** What is needed **
Pictures excluded, output the lines of the data below between the one holding "Heart Print Slim" and the one holding "abahouse mavie「レースイージーストレートパンツ」|その他|", inclusive, exactly as they stand.

** Given data **
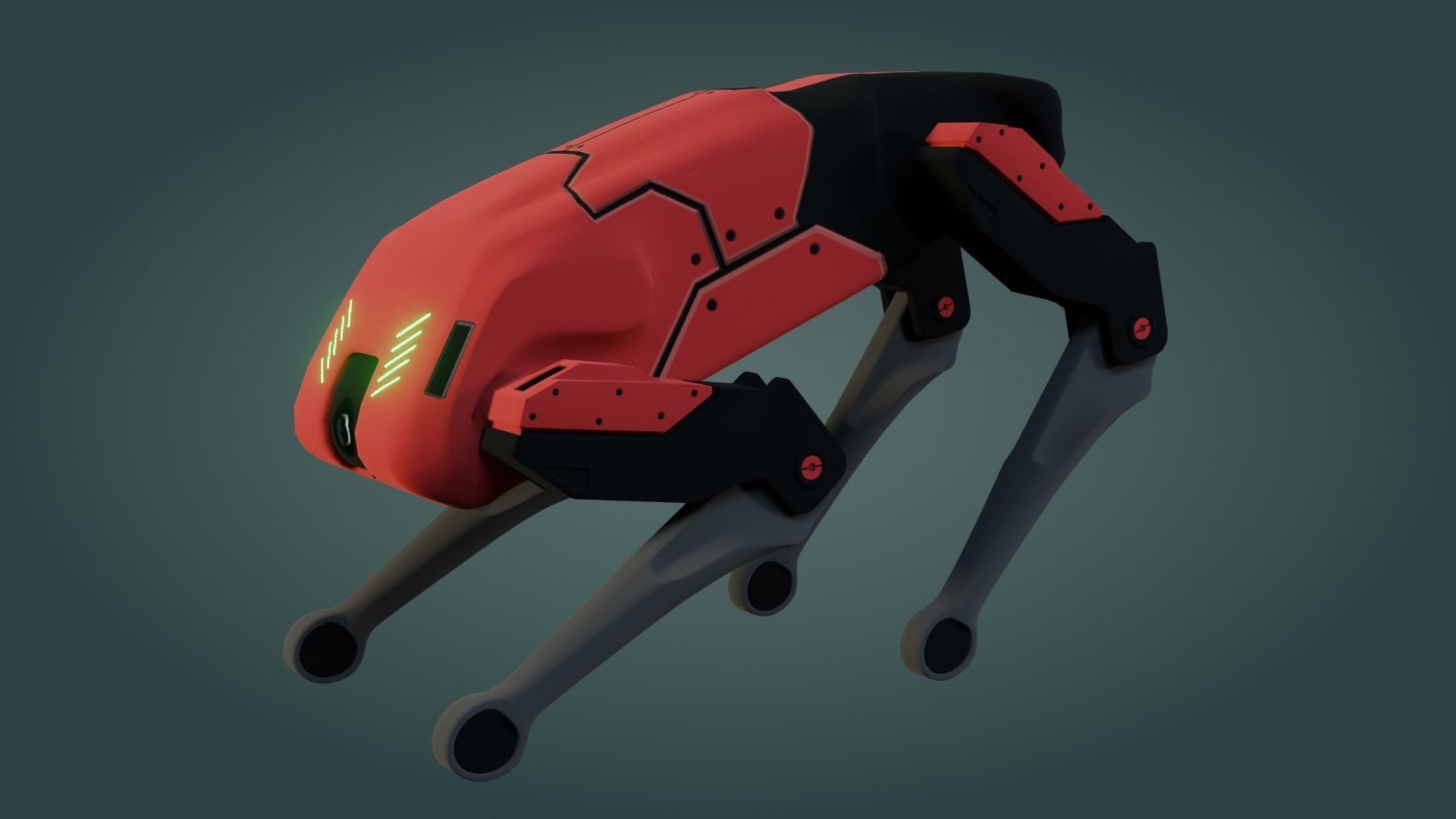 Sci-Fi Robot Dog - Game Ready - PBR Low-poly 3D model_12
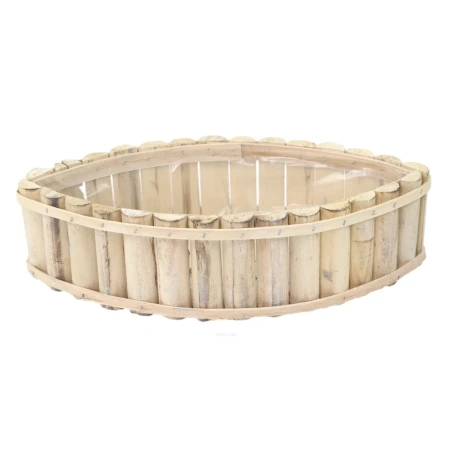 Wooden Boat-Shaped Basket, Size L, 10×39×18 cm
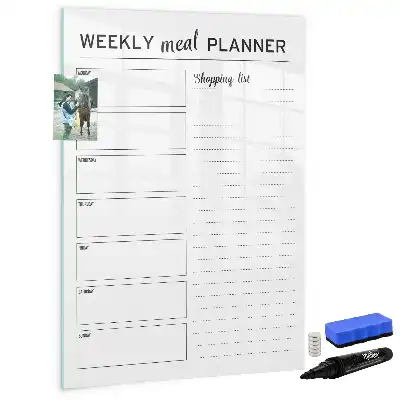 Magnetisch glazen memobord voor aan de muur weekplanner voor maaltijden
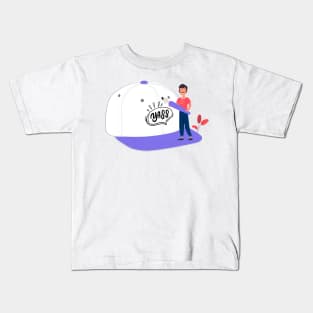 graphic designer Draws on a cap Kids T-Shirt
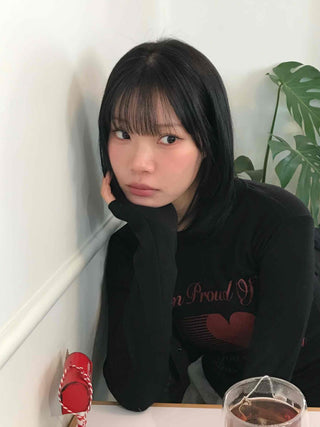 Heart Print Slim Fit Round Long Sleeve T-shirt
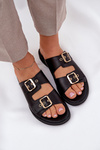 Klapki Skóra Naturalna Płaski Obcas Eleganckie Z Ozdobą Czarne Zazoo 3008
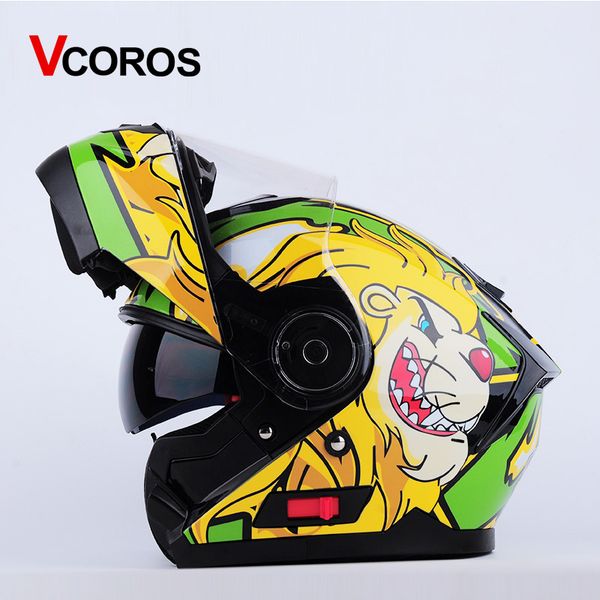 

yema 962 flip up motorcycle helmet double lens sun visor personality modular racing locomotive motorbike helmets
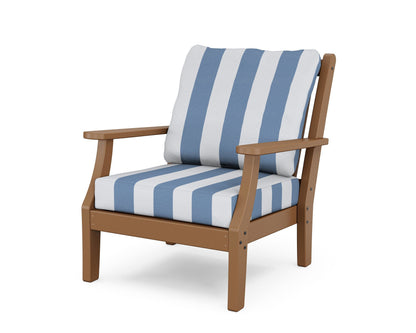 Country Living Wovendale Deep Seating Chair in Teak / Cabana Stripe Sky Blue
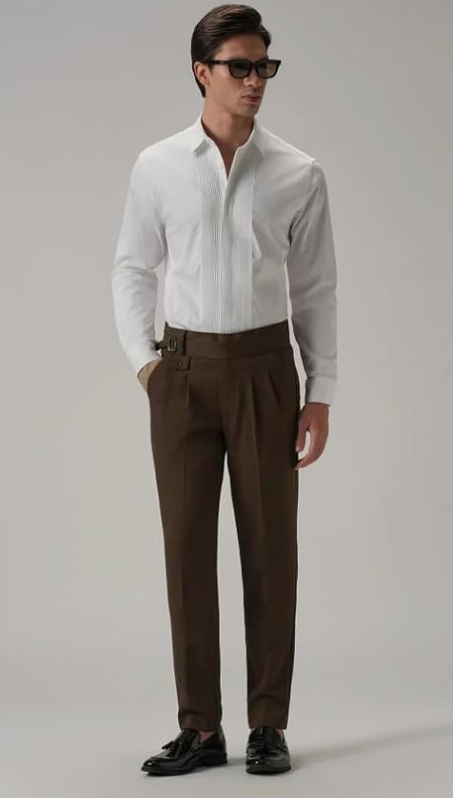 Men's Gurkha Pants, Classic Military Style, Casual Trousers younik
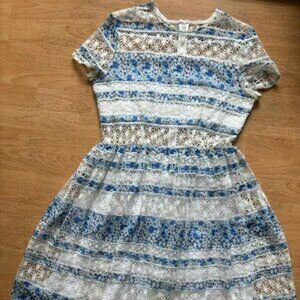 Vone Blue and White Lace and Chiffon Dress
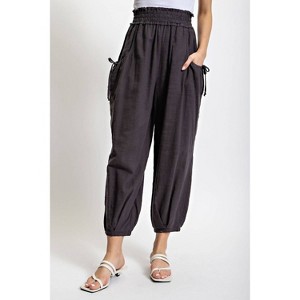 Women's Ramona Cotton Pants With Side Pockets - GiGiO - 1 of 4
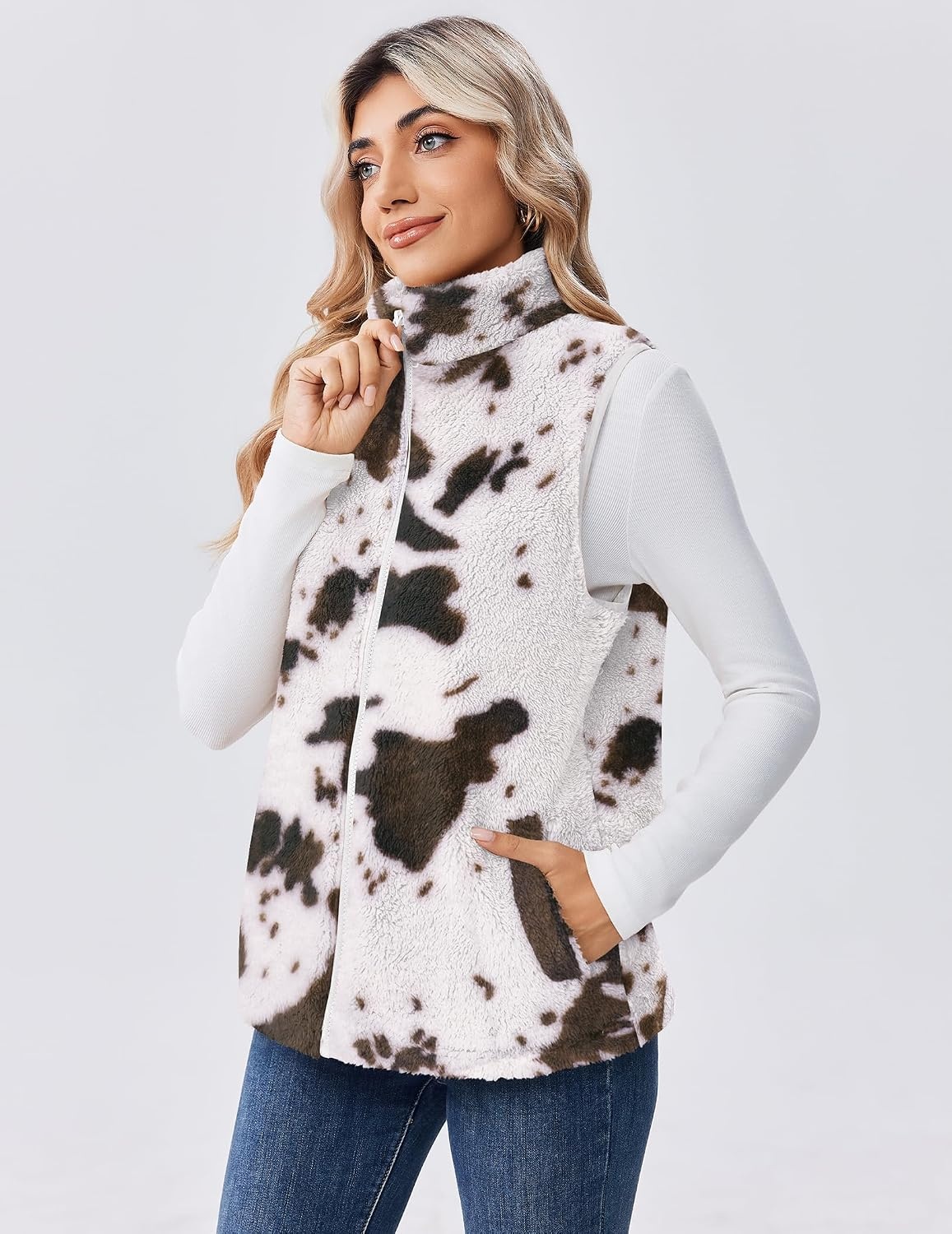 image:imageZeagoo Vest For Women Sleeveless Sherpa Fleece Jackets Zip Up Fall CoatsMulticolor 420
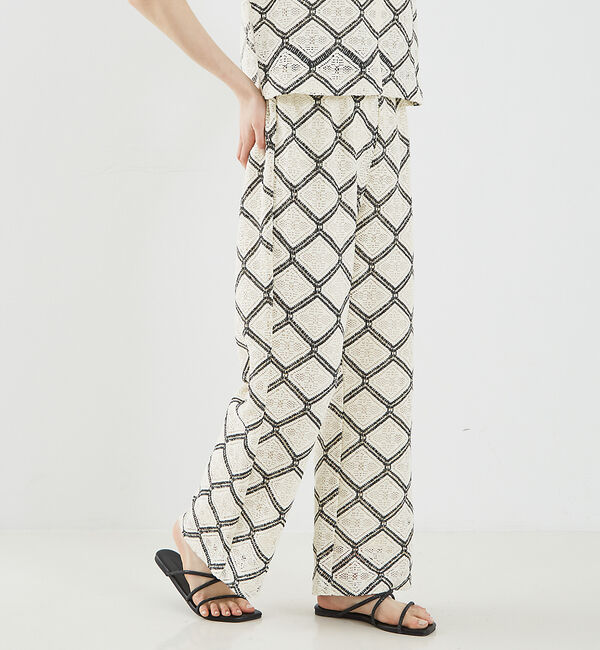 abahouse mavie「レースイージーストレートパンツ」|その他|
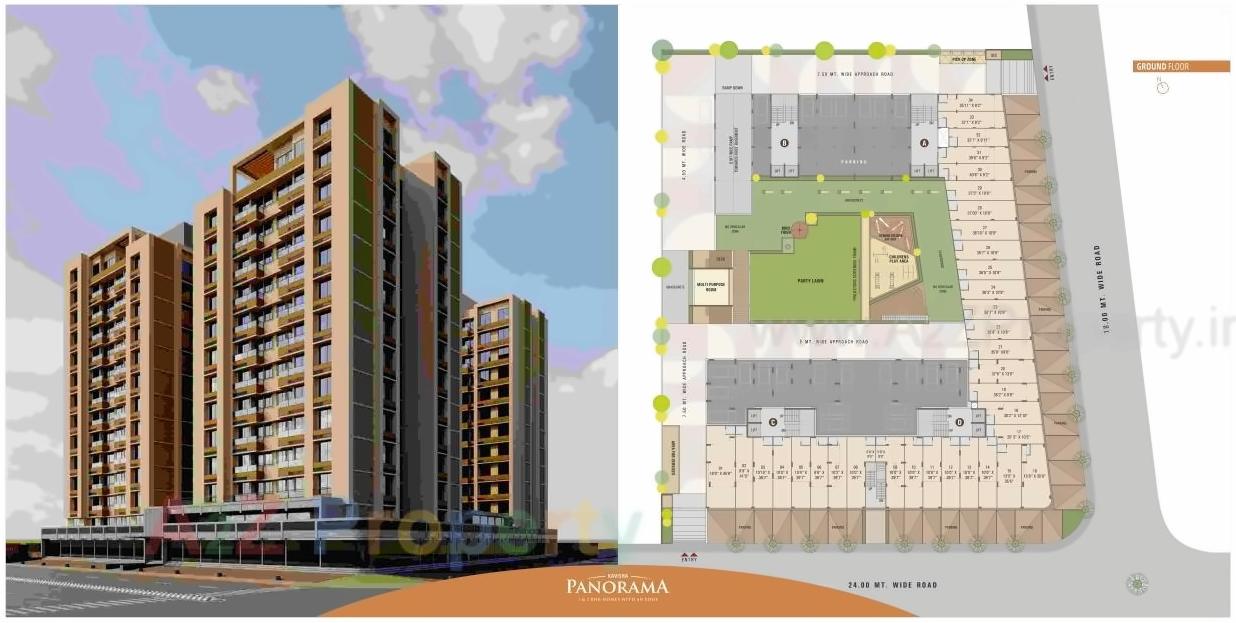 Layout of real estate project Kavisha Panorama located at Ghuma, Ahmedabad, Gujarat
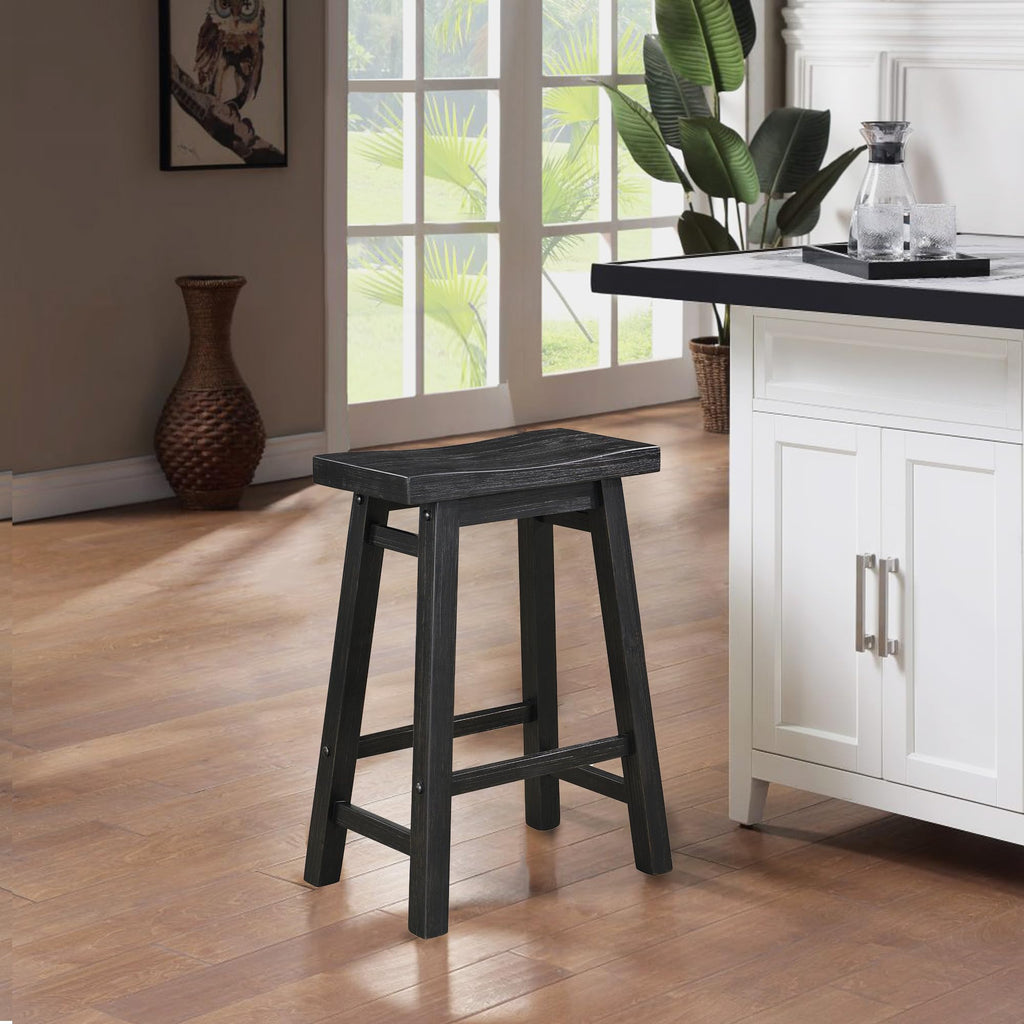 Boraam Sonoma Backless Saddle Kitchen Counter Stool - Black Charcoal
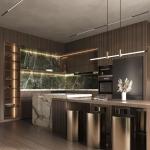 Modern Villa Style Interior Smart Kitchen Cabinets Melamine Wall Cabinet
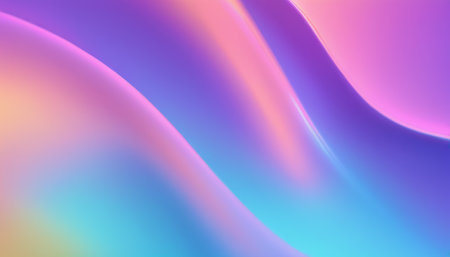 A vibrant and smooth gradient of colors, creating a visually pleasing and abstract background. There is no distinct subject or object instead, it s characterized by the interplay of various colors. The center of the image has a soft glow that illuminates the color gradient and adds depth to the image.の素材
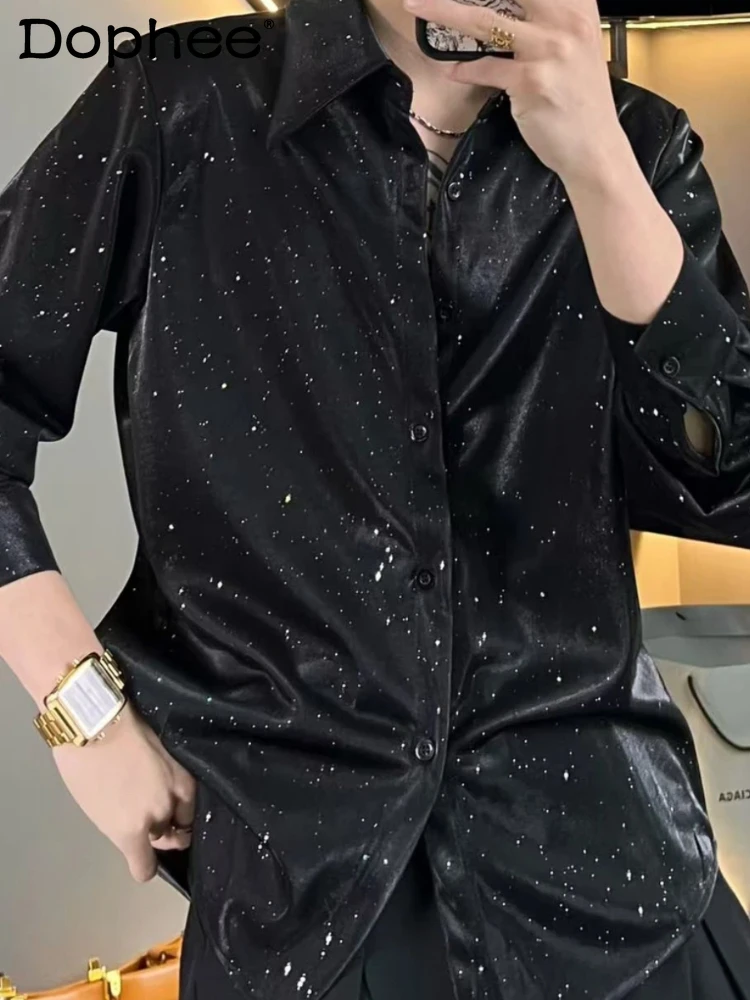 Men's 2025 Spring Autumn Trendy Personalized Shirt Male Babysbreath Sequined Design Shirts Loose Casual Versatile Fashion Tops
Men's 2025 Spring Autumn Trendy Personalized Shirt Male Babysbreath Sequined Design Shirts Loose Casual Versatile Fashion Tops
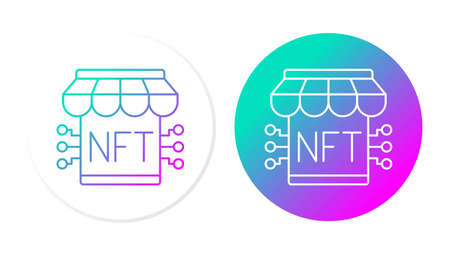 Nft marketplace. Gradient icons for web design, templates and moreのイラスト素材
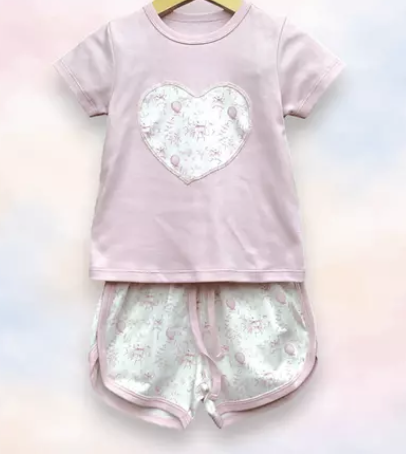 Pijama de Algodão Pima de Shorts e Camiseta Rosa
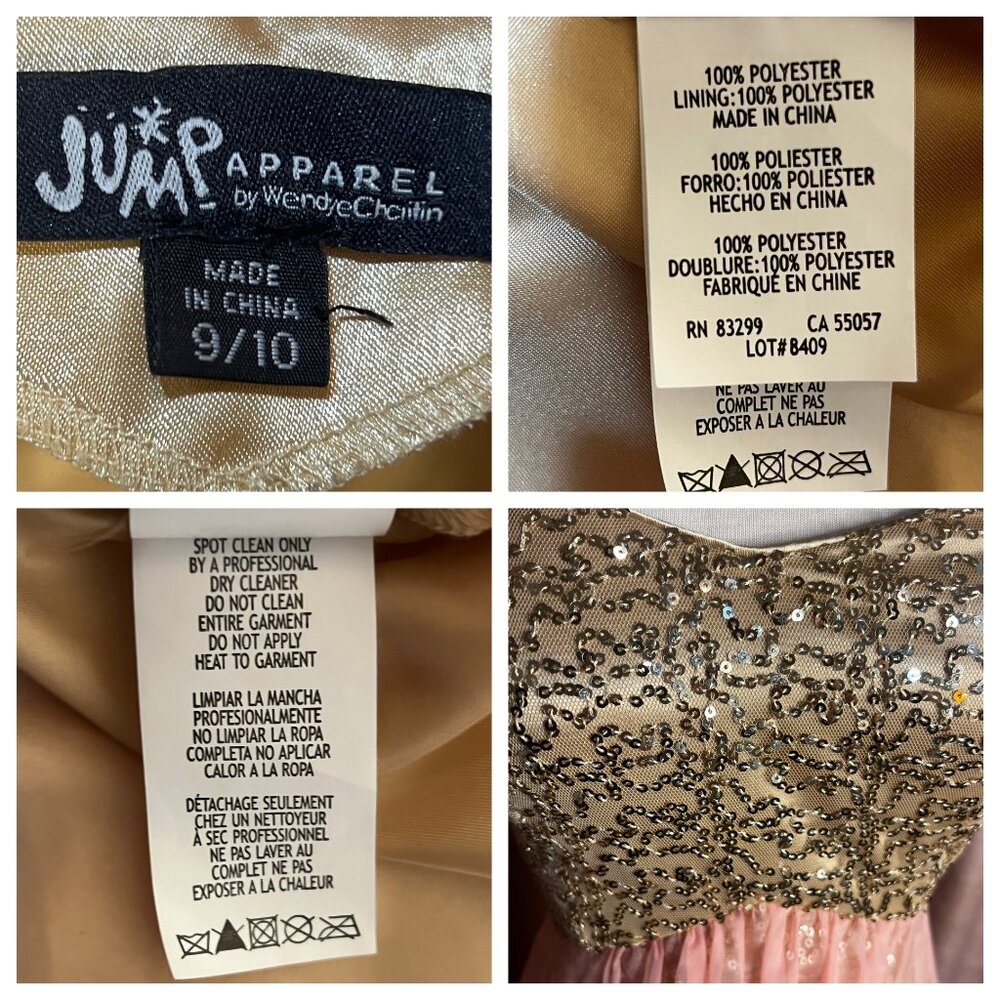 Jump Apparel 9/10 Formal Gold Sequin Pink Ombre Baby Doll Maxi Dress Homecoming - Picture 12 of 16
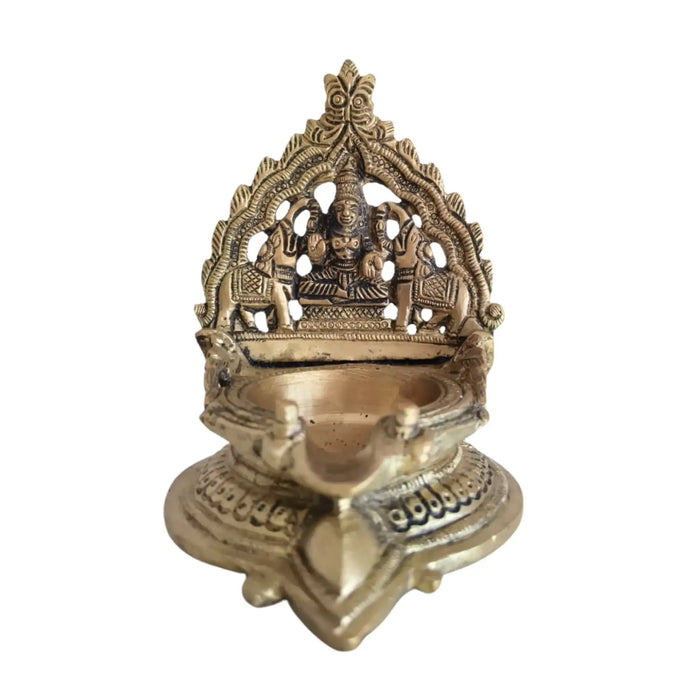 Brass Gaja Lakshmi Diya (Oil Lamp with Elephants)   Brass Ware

** Final answer **
 Heart Print Slim Fit Round Long Sleeve T-shirt
 Klapki Skóra Naturalna Płaski Obcas Eleganckie Z Ozdobą Czarne Zazoo 3008

yema 962 flip up motorcycle helmet double lens sun visor personality modular racing locomotive motorbike helmets
 Country Living Wovendale Deep Seating Chair in Teak / Cabana Stripe Sky Blue
 Men's Gurkha Pants, Classic Military Style, Casual Trousers younik
 Vone Blue and White Lace and Chiffon Dress
 Women's Ramona Cotton Pants With Side Pockets - GiGiO - 1 of 4
 image:imageZeagoo Vest For Women Sleeveless Sherpa Fleece Jackets Zip Up Fall CoatsMulticolor 420
 abahouse mavie「レースイージーストレートパンツ」|その他|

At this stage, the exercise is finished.